— EXERCISE DESCRIPTION —
Output each line of the data below exactly, omitting any image.

— SUPPLIED DATA —
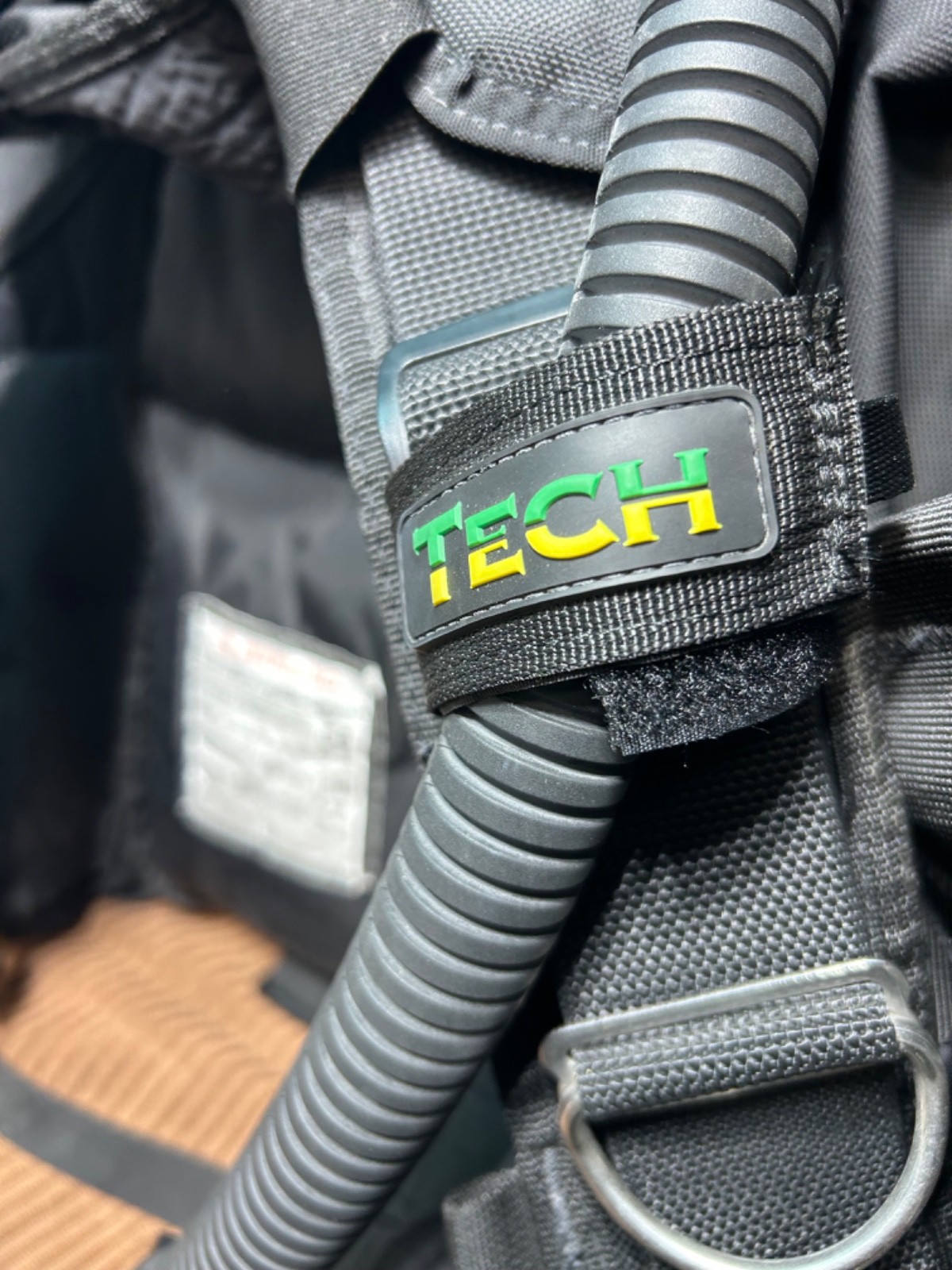 Zeagle Tech BCD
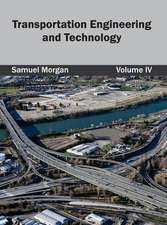 Transportation Engineering and Technology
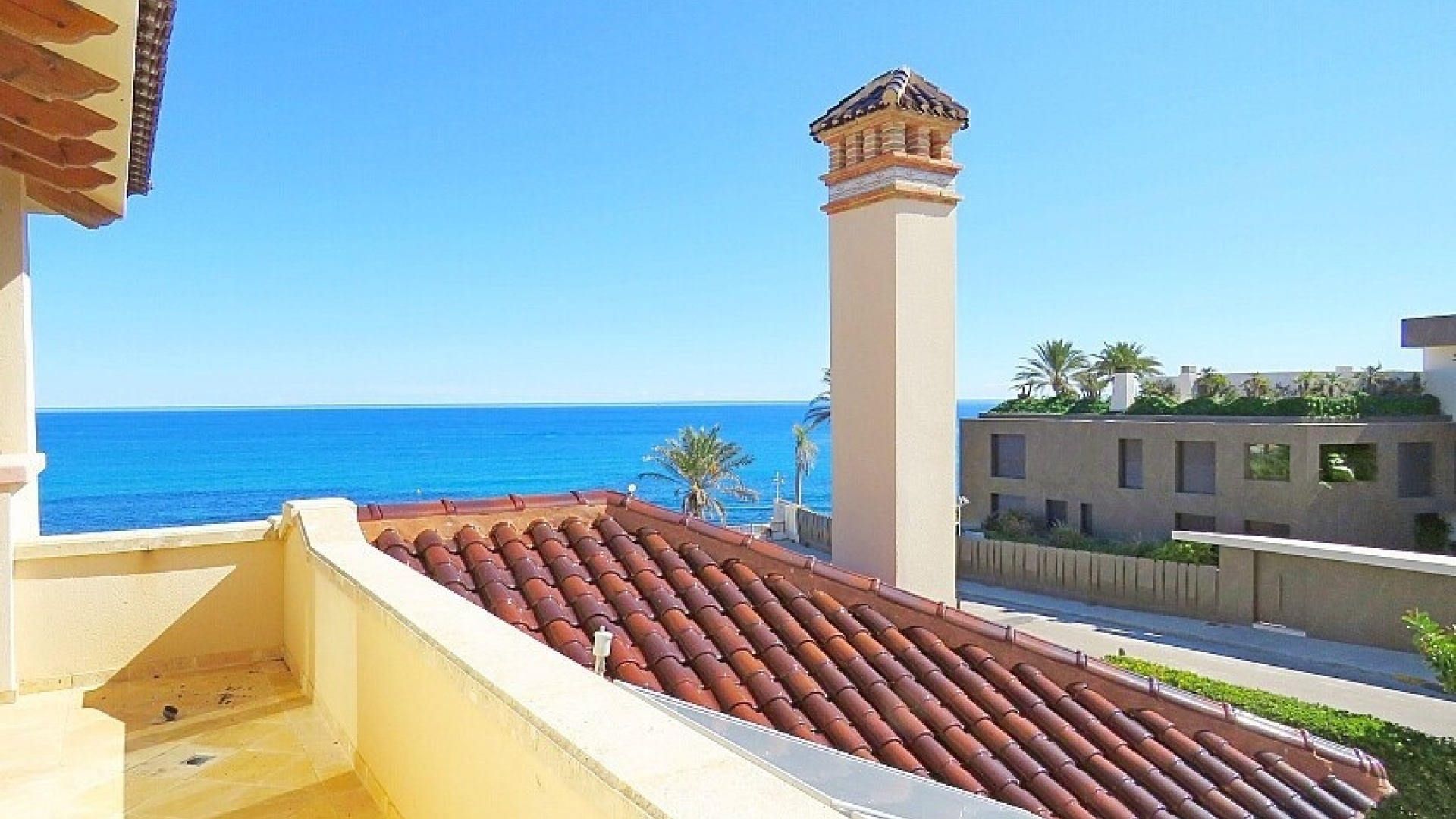 Återförsäljning - Villa - Orihuela - Cabo Roig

— ANSWER TO THE EXERCISE —
 Zeagle Tech BCD
 Transportation Engineering and Technology
 Återförsäljning - Villa - Orihuela - Cabo Roig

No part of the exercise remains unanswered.